**Assigned task**
Would you write out the listing verbatim and skip every picture in it?

**Source material**
[Start of section]

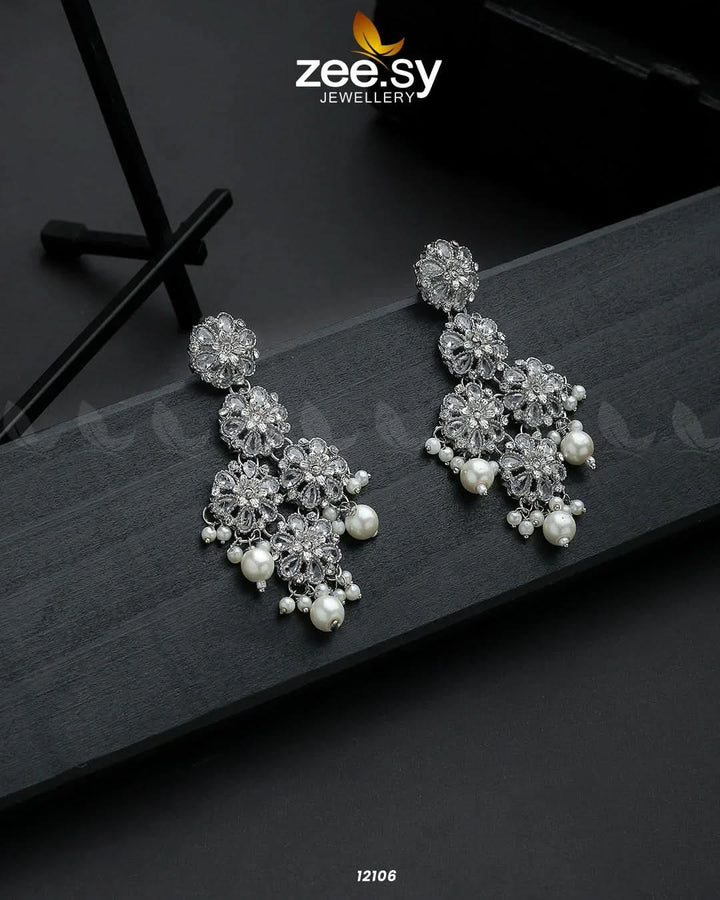 Silver Orchid Earrings White Earrings - Zeesy Jewellery Pakistan | Premium Artificial & Imitation Jewellery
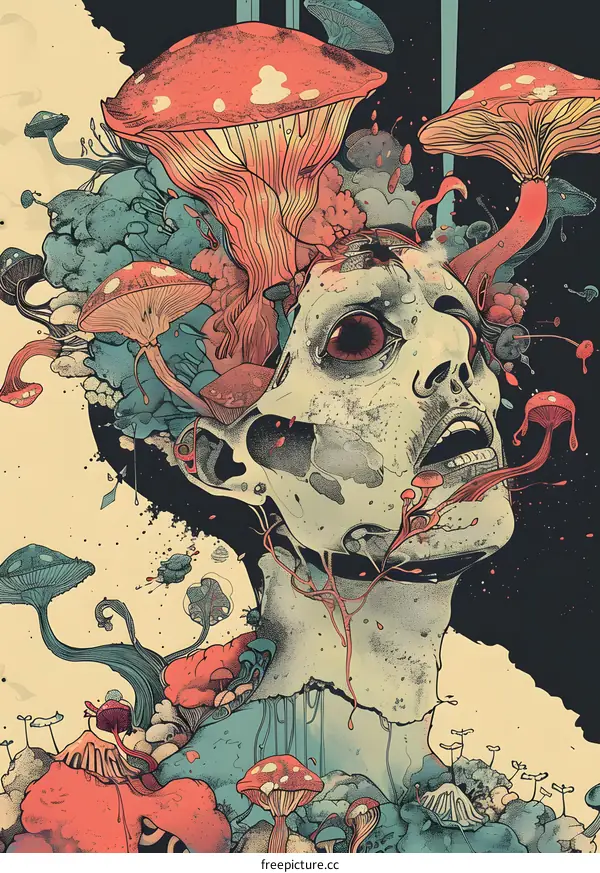 Abstract Art Illustration of a Woman with Mushrooms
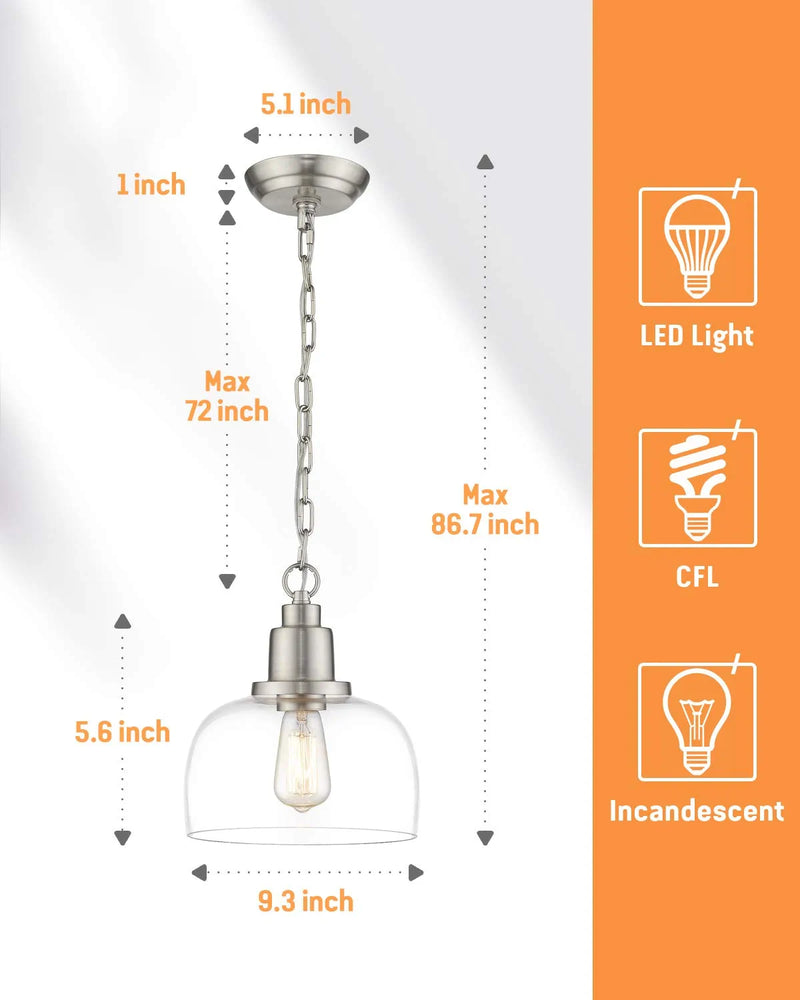 EAPUDUN Modern Farmhouse Pendant Light, 1-Light Industrial Hanging Light Fixture 9.3-Inch, Brushed Nickel Finish with Clear Glass Shade, PDA1127-BNK Home & Garden > Lighting > Lighting Fixtures EAPUDUN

[End of section]

**Problem solution**
 Silver Orchid Earrings White Earrings - Zeesy Jewellery Pakistan | Premium Artificial & Imitation Jewellery
 Abstract Art Illustration of a Woman with Mushrooms
 EAPUDUN Modern Farmhouse Pendant Light, 1-Light Industrial Hanging Light Fixture 9.3-Inch, Brushed Nickel Finish with Clear Glass Shade, PDA1127-BNK Home & Garden > Lighting > Lighting Fixtures EAPUDUN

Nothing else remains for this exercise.